The \(F\) statistic is the ratio

\[ F = \frac{MSG}{MSE}, \]

where \(MSG\) measures the between group variability and \(MSE\) is a pooled estimate of the within group variability.

Observed test statistic

We fit the model with lm() and summarize it with the moderndive package. get_regression_summaries() reports the overall \(F\) statistic and \(p\)-value — which for a single categorical predictor is exactly the one-way ANOVA \(F\)-test.

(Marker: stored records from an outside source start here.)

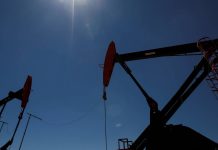 Petróleo extiende pérdidas por posible aumento de oferta global tras acuerdo entre Estados Unidos e Irán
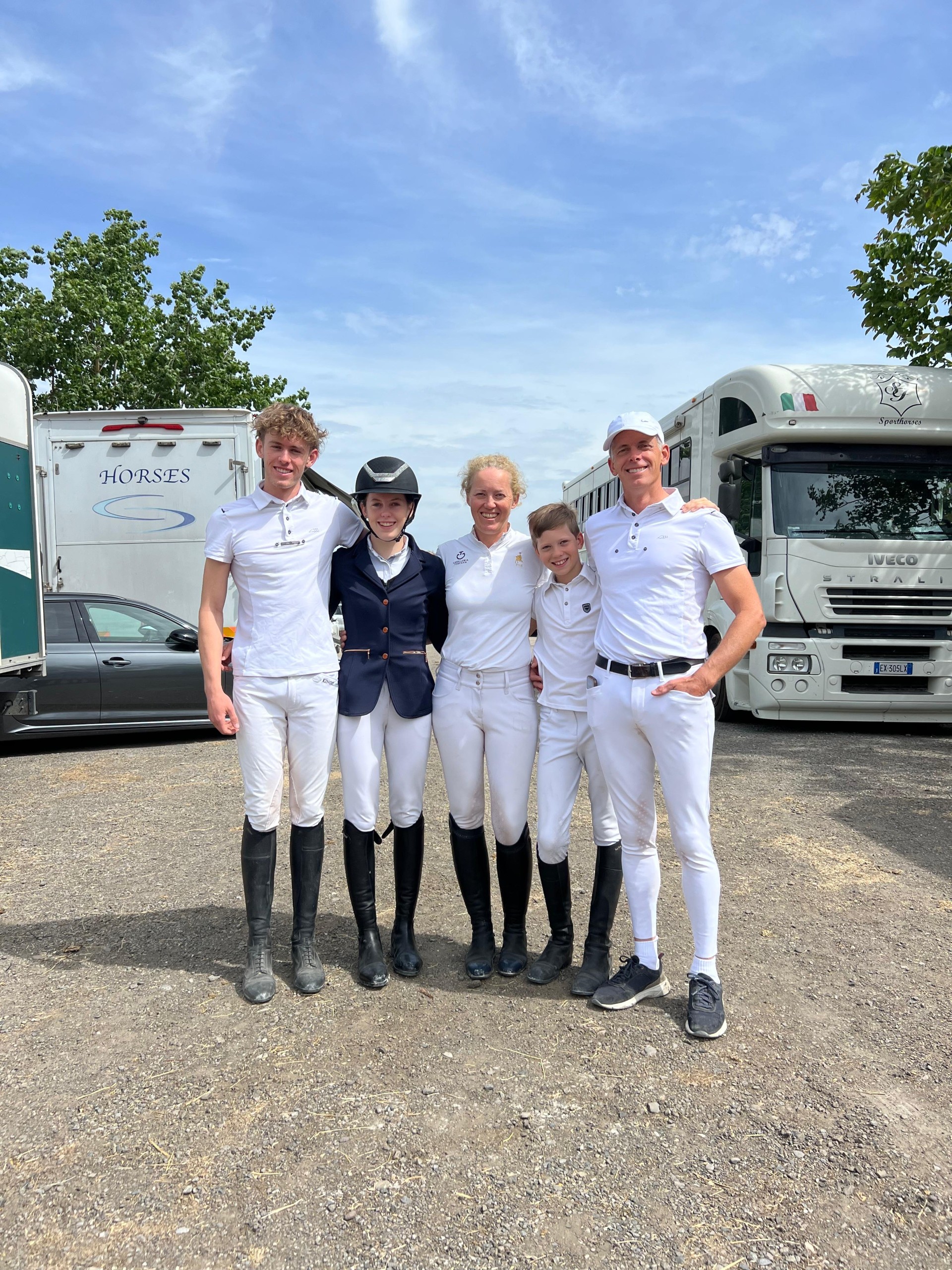 Podium Positions for Family of 5 @ Busto Arsizio A5* Show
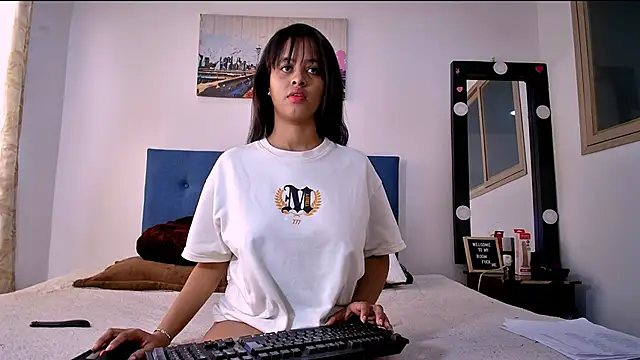 Snapshot of Shara_Soul chatting on November 28, 2:42 pm Shara Soul online show from November 28, 2:42 pm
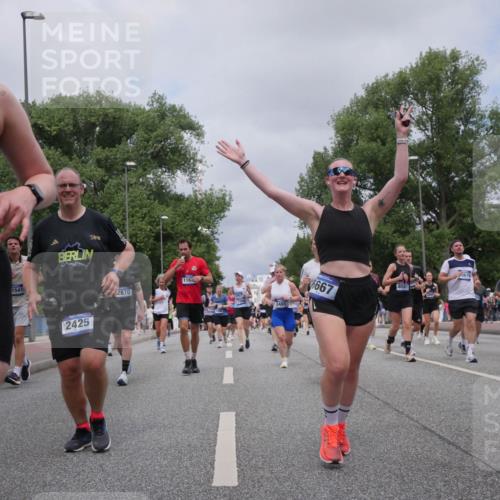 29.06.2025 - hella hamburg halbmarathon Luisa Fischer http://msf.ph/oto/8462538 29.06.2025 10:39:47 Kennedybrücke 540, 1541, 2425, 2870, 116, 3401, 3679, 18152, 6667, 8581, 1008, 1010, 3401, 3699, 4245, 5171, 5540, 5809, 6184, 6417, 7632, 8581, 9432, 9806, 10487, 10531, 10577 meine-sportfotos.de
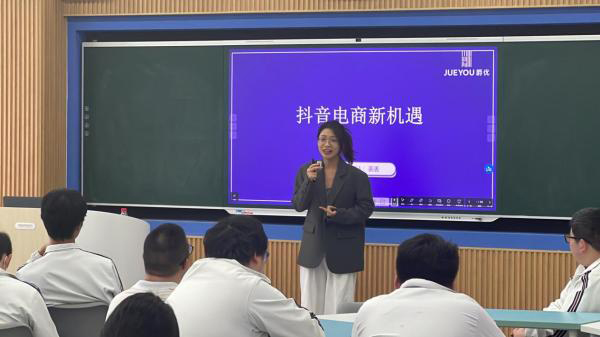 澳门期期准免费精准|公开解释解析落实,澳门期期准免费精准，公开解释解析与落实的探讨——违法犯罪问题的深度剖析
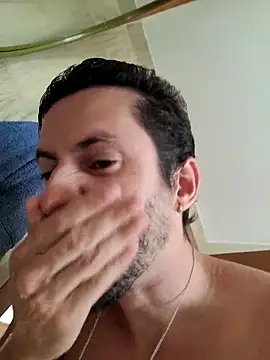 Snapshot of Diegosob8720 chatting on 03/06/25, 02:51 Diegosob8720 online show from 03/06/25, 02:51
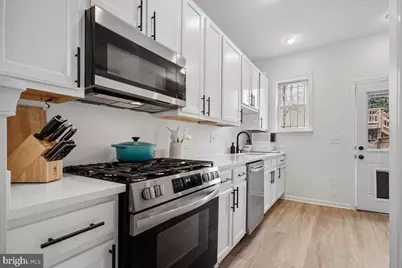 1704 A Street SE, Washington, DC 20003 - Photo 12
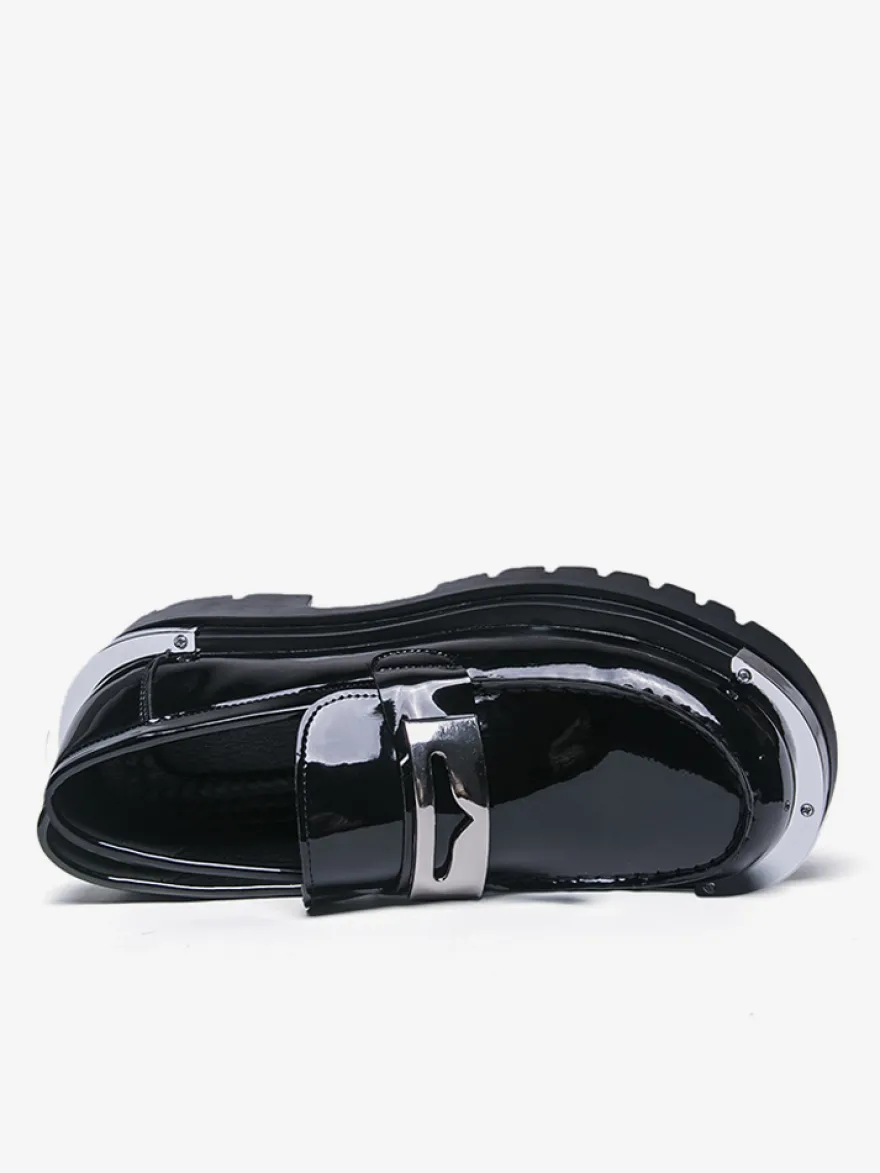 Mocassins noirs pour hommes bout rond détails métalliques chaussures à enfiler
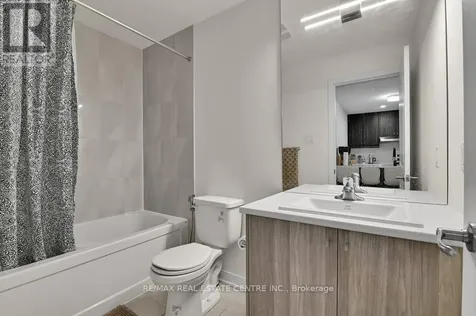 216 Parnian Pvt Private Ottawa ON K2J 6H3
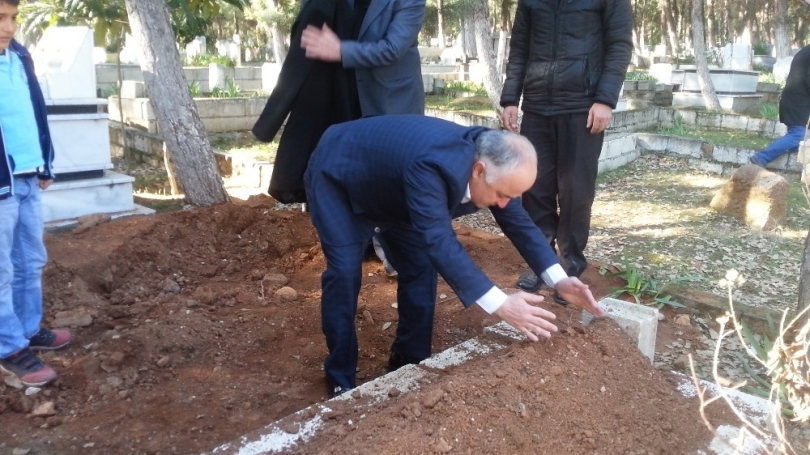 İndiği servisin altında kaldı ve öldü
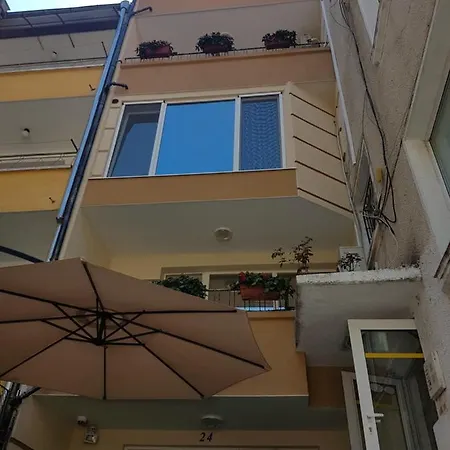 Eli * Νεσέμπαρ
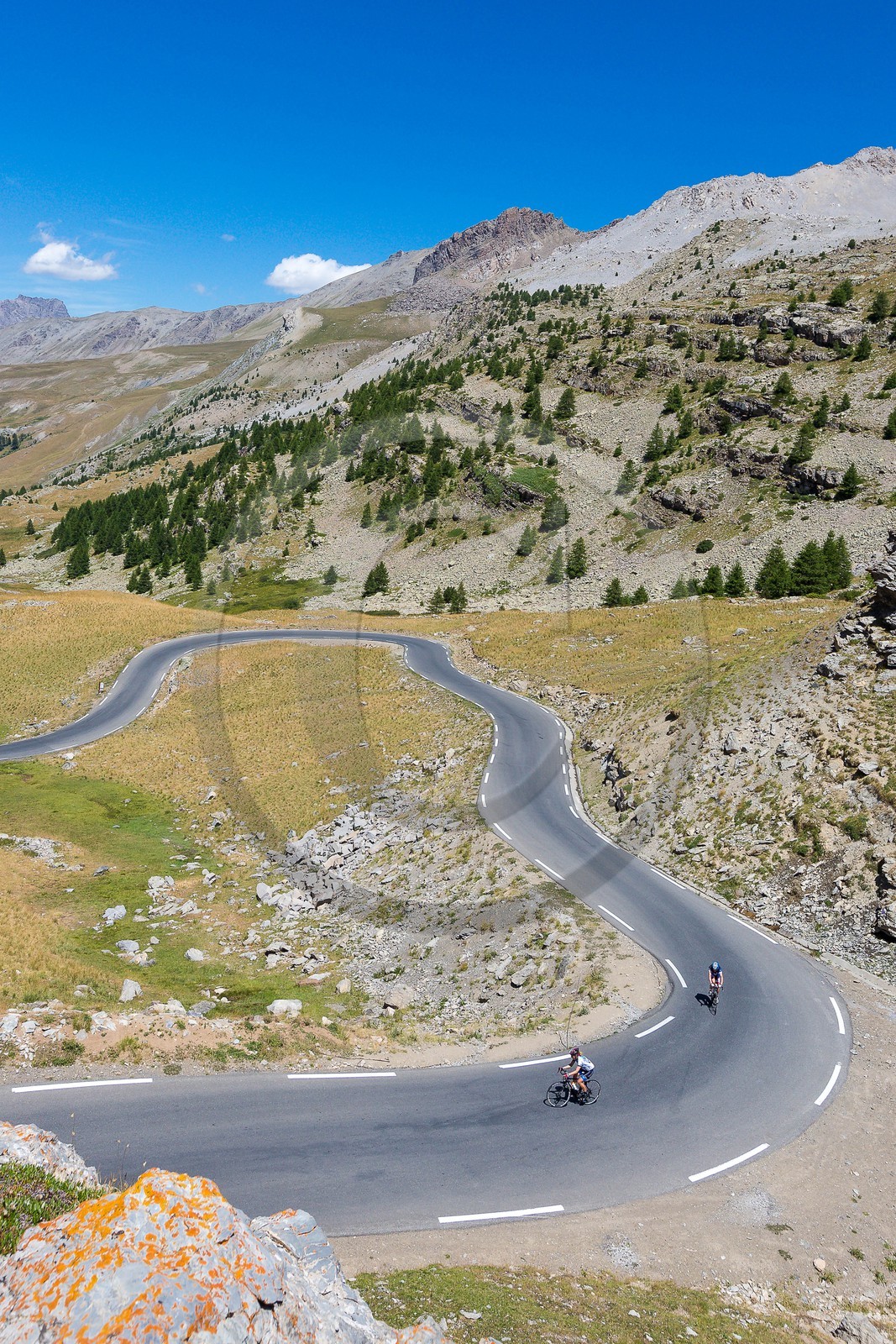 Jausiers, Cyclotourisme au Col de la Bonette ou de Restefond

phx_mod <- lm(dep_delay ~ carrier, data = phx_rs)
get_regression_summaries(phx_mod)
## # A tibble: 1 × 9
##   r_squared adj_r_squared   mse  rmse sigma statistic p_value    df  nobs
##       <dbl>         <dbl> <dbl> <dbl> <dbl>     <dbl>   <dbl> <dbl> <dbl>
## 1     0.007         0.006 2040.  45.2  45.2      4.04       0    11  6000

We see that the statistic (the observed \(F\) value) matches the F_hat computed with infer above.

State conclusion

We, therefore, have sufficient evidence to reject the null hypothesis. Our initial guess that a statistically significant difference existed in the means was backed by this statistical analysis. We have evidence to suggest that departure delay is related to carrier. If we’d like to get a sense for how the codes relate to the actual names of the airlines, we can use inner_join() to match the carrier code with its corresponding name in the airlines table:

data(airlines, package = "azflights24")
phx_join <- phx_summ |>
  select(carrier, mean, sd) |>
  inner_join(airlines, by = "carrier")
kable(phx_join)
carrier mean sd name
AA 14.81640 60.7271 American Airlines Inc.
AS 6.57143 31.1327 Alaska Airlines Inc.
B6 34.87097 79.8932 JetBlue Airways
DL 7.12209 52.3905 Delta Air Lines Inc.
F9 11.53873 47.9082 Frontier Airlines Inc.
G4 30.28571 63.3299 Allegiant Air
HA -0.53333 5.5403 Hawaiian Airlines Inc.
MQ 4.69549 20.9382 Envoy Air
NK 15.97143 31.8937 Spirit Air Lines
OO 6.07497 38.8151 SkyWest Airlines Inc.
UA 10.21613 61.9166 United Air Lines Inc.
WN 12.35701 27.1891 Southwest Airlines Co.

Comparing results

The simulation-based and theory-based approaches give very similar \(p\)-values here. With the normality condition violated but large group sizes, the Central Limit Theorem supports the theory-based test, and the close agreement between the randomization and \(F\)-distribution results is reassuring. If the conditions are reasonable, the next step would be to calculate pairwise analyses to better understand the reasons for the rejection of the null hypothesis in the ANOVA.